What needs to be done: In the records below, find the line with "NYC Live-Matched Virtual" and the line with "Stephanie Johnson Cosmetic Organizer". Print both exactly, along with every line between them, and no other line.

Input data:
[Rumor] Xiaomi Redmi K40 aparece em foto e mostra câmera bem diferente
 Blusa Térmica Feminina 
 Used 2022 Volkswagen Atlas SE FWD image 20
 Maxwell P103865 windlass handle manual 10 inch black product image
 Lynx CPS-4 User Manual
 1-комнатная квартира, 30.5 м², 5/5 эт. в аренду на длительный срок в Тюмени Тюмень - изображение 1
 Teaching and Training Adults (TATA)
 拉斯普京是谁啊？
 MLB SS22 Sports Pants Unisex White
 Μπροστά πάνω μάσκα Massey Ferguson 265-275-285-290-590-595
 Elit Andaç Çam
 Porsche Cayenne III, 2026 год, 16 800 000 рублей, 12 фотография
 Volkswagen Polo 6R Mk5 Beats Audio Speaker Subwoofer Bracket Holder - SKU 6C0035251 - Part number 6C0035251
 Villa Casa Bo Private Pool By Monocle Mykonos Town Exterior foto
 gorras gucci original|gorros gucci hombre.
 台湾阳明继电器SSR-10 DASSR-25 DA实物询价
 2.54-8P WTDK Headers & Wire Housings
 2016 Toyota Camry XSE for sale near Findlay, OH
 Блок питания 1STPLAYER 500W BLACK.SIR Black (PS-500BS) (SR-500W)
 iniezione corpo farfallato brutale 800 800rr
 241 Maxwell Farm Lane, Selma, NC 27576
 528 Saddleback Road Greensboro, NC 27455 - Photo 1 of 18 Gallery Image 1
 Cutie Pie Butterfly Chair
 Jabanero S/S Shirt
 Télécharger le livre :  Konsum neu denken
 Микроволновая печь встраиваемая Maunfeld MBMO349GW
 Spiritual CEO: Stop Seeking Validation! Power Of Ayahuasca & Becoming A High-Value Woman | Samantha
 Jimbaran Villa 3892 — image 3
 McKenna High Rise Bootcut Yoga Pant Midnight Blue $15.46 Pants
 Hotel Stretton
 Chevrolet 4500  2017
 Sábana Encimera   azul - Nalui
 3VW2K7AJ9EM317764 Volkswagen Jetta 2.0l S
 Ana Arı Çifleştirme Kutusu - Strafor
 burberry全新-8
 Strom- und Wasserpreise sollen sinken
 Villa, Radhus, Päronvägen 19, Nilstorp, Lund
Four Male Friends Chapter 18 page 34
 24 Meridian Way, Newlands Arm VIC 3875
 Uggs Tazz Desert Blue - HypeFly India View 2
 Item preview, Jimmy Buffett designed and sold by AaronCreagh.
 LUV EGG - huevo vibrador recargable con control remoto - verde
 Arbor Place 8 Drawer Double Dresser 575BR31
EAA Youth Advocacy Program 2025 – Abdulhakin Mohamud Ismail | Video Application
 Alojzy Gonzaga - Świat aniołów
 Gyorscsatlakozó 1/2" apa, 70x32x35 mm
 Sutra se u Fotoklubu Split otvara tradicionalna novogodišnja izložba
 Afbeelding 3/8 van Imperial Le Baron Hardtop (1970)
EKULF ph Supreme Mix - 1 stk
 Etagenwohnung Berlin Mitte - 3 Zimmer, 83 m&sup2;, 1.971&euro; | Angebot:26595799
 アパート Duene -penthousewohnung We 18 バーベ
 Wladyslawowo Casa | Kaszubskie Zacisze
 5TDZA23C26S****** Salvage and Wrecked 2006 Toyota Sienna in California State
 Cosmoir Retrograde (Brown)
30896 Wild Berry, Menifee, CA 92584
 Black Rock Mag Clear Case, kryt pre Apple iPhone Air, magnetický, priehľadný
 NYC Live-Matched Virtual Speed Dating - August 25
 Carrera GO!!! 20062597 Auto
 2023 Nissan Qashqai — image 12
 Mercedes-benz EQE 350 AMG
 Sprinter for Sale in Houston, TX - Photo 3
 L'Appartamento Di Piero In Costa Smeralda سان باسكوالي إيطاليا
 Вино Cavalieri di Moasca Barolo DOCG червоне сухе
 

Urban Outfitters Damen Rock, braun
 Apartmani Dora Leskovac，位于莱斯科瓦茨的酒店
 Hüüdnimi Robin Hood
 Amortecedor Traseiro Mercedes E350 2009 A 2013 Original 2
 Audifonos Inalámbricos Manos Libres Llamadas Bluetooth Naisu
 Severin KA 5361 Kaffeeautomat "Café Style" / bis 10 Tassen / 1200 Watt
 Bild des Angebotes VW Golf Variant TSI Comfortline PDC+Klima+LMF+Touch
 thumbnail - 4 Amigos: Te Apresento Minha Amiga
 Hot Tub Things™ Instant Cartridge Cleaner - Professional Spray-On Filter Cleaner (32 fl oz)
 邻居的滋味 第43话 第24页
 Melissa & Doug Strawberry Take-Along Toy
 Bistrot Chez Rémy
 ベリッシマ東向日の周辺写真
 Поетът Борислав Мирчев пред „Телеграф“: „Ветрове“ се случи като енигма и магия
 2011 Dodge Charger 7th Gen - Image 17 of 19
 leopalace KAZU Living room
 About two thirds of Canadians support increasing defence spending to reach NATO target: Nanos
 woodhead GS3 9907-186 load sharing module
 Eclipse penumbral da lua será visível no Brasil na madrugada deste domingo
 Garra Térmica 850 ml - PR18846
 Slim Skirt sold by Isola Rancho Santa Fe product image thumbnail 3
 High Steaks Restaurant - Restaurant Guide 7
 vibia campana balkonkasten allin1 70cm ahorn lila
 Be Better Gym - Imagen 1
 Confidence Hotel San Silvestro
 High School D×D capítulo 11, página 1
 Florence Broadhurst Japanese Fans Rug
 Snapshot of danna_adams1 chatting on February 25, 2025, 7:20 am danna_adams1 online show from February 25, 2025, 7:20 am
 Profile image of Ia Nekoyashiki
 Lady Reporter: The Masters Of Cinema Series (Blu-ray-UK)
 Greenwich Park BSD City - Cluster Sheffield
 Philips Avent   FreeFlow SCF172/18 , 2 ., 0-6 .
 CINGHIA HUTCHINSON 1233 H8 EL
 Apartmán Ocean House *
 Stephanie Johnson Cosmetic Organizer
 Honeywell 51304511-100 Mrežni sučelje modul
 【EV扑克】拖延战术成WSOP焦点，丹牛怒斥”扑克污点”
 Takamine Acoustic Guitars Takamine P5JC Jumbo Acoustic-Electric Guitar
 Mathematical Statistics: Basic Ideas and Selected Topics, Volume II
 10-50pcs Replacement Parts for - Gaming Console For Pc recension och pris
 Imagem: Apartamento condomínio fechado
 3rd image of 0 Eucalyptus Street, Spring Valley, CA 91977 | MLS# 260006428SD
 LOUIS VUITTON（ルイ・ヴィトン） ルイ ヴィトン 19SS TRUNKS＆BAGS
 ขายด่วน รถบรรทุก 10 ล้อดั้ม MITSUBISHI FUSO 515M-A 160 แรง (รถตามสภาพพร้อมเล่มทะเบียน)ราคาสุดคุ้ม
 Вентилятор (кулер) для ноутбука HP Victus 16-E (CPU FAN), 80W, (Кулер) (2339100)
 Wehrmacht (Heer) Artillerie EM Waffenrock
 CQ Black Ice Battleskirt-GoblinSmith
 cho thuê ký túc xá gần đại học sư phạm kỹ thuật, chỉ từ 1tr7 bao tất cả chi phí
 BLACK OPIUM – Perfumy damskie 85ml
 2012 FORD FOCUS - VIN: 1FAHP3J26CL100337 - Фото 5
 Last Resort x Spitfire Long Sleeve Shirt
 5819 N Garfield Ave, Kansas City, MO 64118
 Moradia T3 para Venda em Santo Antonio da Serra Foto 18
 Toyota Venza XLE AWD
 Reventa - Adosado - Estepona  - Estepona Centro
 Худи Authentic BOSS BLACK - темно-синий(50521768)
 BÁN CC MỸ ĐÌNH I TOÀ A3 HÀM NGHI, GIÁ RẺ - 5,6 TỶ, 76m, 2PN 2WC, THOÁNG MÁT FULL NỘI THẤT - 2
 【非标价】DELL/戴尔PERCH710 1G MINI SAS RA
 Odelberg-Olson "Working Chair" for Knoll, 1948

Output of the task:
 NYC Live-Matched Virtual Speed Dating - August 25
 Carrera GO!!! 20062597 Auto
 2023 Nissan Qashqai — image 12
 Mercedes-benz EQE 350 AMG
 Sprinter for Sale in Houston, TX - Photo 3
 L'Appartamento Di Piero In Costa Smeralda سان باسكوالي إيطاليا
 Вино Cavalieri di Moasca Barolo DOCG червоне сухе
 

Urban Outfitters Damen Rock, braun
 Apartmani Dora Leskovac，位于莱斯科瓦茨的酒店
 Hüüdnimi Robin Hood
 Amortecedor Traseiro Mercedes E350 2009 A 2013 Original 2
 Audifonos Inalámbricos Manos Libres Llamadas Bluetooth Naisu
 Severin KA 5361 Kaffeeautomat "Café Style" / bis 10 Tassen / 1200 Watt
 Bild des Angebotes VW Golf Variant TSI Comfortline PDC+Klima+LMF+Touch
 thumbnail - 4 Amigos: Te Apresento Minha Amiga
 Hot Tub Things™ Instant Cartridge Cleaner - Professional Spray-On Filter Cleaner (32 fl oz)
 邻居的滋味 第43话 第24页
 Melissa & Doug Strawberry Take-Along Toy
 Bistrot Chez Rémy
 ベリッシマ東向日の周辺写真
 Поетът Борислав Мирчев пред „Телеграф“: „Ветрове“ се случи като енигма и магия
 2011 Dodge Charger 7th Gen - Image 17 of 19
 leopalace KAZU Living room
 About two thirds of Canadians support increasing defence spending to reach NATO target: Nanos
 woodhead GS3 9907-186 load sharing module
 Eclipse penumbral da lua será visível no Brasil na madrugada deste domingo
 Garra Térmica 850 ml - PR18846
 Slim Skirt sold by Isola Rancho Santa Fe product image thumbnail 3
 High Steaks Restaurant - Restaurant Guide 7
 vibia campana balkonkasten allin1 70cm ahorn lila
 Be Better Gym - Imagen 1
 Confidence Hotel San Silvestro
 High School D×D capítulo 11, página 1
 Florence Broadhurst Japanese Fans Rug
 Snapshot of danna_adams1 chatting on February 25, 2025, 7:20 am danna_adams1 online show from February 25, 2025, 7:20 am
 Profile image of Ia Nekoyashiki
 Lady Reporter: The Masters Of Cinema Series (Blu-ray-UK)
 Greenwich Park BSD City - Cluster Sheffield
 Philips Avent   FreeFlow SCF172/18 , 2 ., 0-6 .
 CINGHIA HUTCHINSON 1233 H8 EL
 Apartmán Ocean House *
 Stephanie Johnson Cosmetic Organizer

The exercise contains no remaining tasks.